Italian pop musician

Claudio Baglioni (/it/; born 16 May 1951) is an Italian pop singer-songwriter and musician. His career has been going on for over 50 years.

Considered one of the most successful pop rock singer-songwriters in the history of Italian music, he has sold over 60 million records, including Questo piccolo grande amore from 1972, its title track later being awarded "song of the century", Strada facendo from 1981, and La vita è adesso from 1985 which is the best-selling album of all time in Italy.

In the 1990's he experimented with world music with the time trilogy, which began with Oltre (1990), widely considered his masterpiece, continued with one of the best-selling albums ever in Italy Io sono qui (1995) and ended with Viaggiatore sulla coda del tempo (1999). In 2006 he composed the anthem of the 2006 Winter Olympics.

Also an innovator in the field of live performances, Baglioni achieved over a million total spectators with the tours Alé Oó in 1982 and Notti di note in 1985. In 1986 he invented a new method of live performance, with the tour Assolo where he performed completely alone accompanied by electric guitar, piano, sequencer and MIDI, a technology never tested at the time.

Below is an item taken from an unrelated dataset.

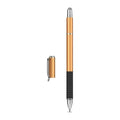 652F Styluses Pen Touchscreens Devices Wide Compatibility Precise Tip Zpaxo Gold CN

In 1991 he was the first artist in the world to realize a concert with the stage in the centre, awarded by the magazine Billboard as "the best concert in the world", on 6 June 1998, again with the same concept of the stage in the centre, he performed in front of 100,000 spectators at the Olympic stadium in Rome, in 2000 he performed on St. Peter's Square in the Vatican City in the presence of 300,000 people including the Pope. In 2006 he was officially the first Italian artist to perform at the Brussels European Parliament.

==Biography==
Around 1968 he composed the Annabel Lee musical suite, based on a poem by Edgar Allan Poe. In 1969, he released his first single and recorded the single Signora Lia; a comic song that tells of a lady's marital infidelity. Over time the song became a cult song of Italian pop music despite its poor initial success. He collaborated with Italian singer Mia Martini for her debut album.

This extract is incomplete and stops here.